A iniciativa de Fernando Andrade Martins é polêmica. Como é impossível saber se no instante em que o infrator estava parado na vaga havia ou não um deficiente que desejava fazer uso da mesma, o promotor invoca um critério subjetivo, de “presunção legal”. É uma tese controversa, que vai gerar muita discussão, mas o importante é que se tente fazer alguma coisa para incutir um mínimo de civilidade em pessoas que, a julgar por seus atos, acreditam que a barbárie é o comportamento padrão.


De tudo, o mais difícil é entender as centenas de manifestações contrárias ao promotor.
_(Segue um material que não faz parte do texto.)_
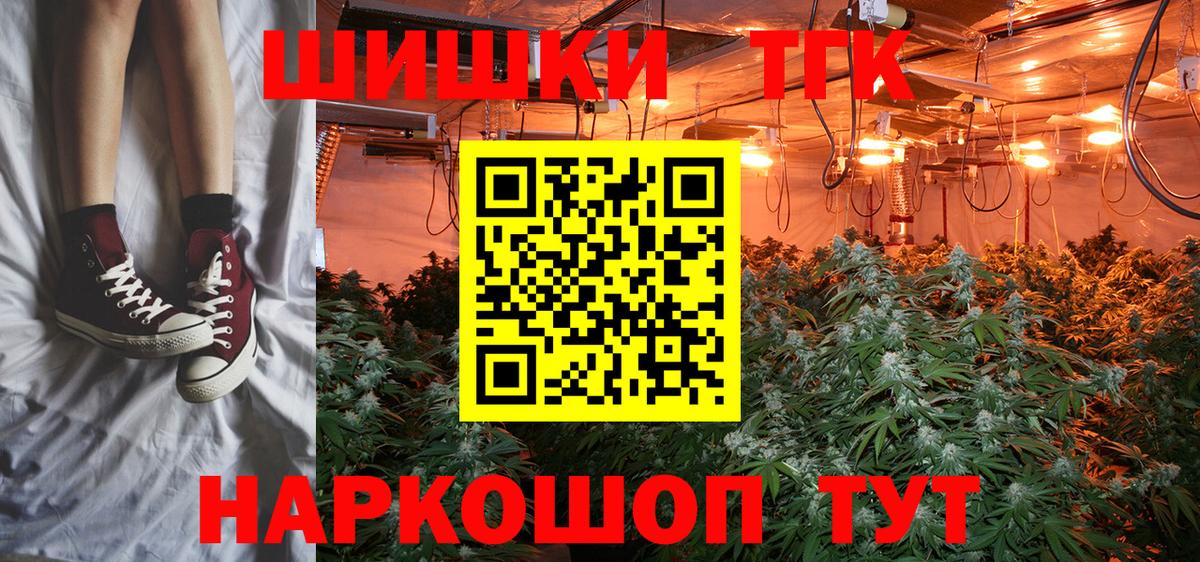 МАРИХУАНА OG Kush  Вход с VPN  Каннабис SATIVA & INDICA  Кропоткин  Шишки марихуана Bruce Banner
A notícia, publicada pelo Comércio na edição de quinta-feira, provocou intensa reação - negativa - entre os leitores. Sobraram as argumentações mais absurdas. De advogados que questionam a legitimidade da proposta a motoristas que defendem a esdrúxula idéia de que “polícia tem é que caçar bandido e não multar”, como se uma coisa excluísse a outra. Há, ainda, aqueles que invocam o chatíssimo e infantil discurso da “indústria da multa”, como se o dinheiro arrecadado com a aplicação de penalidades a infratores de trânsito fizesse alguma diferença no orçamento do Estado - ou do município.


São argumentos que, além de frágeis, envergonham. Independente de multa ou ameaça de ação judicial, a simples educação deveria fazer com que o cidadão não parasse seu carro numa vaga reservada a pessoas com necessidades especiais. Não existe desculpa para quem ignora este preceito básico. É contra os sem educação que invadem um espaço que não lhes é reservado que a população deveria protestar. O problema é a ocupação indevida da vaga do deficiente, não a multa que o promotor deseja aplicar. Quem age dentro da lei - e, mais importante, atento a fundamentos elementares de educação - não tem o que temer. É simples assim.


Precisamos avançar. Nenhuma sociedade alcança o estado de bem-estar efetivo sem que seus cidadãos se comportem com civilidade. Não há crescimento econômico que se sobreponha à falta de cidadania. É preciso respeito ao próximo, às leis, ao que é público. É assim nos países mais avançados, terá que ser assim um dia no Brasil. Quanto antes cada um de nós fizer a sua parte, melhor. Até lá, se não for por convicção pessoal, que seja pelo medo de punição legal. Pode até não ser o ideal, mas que funciona, funciona.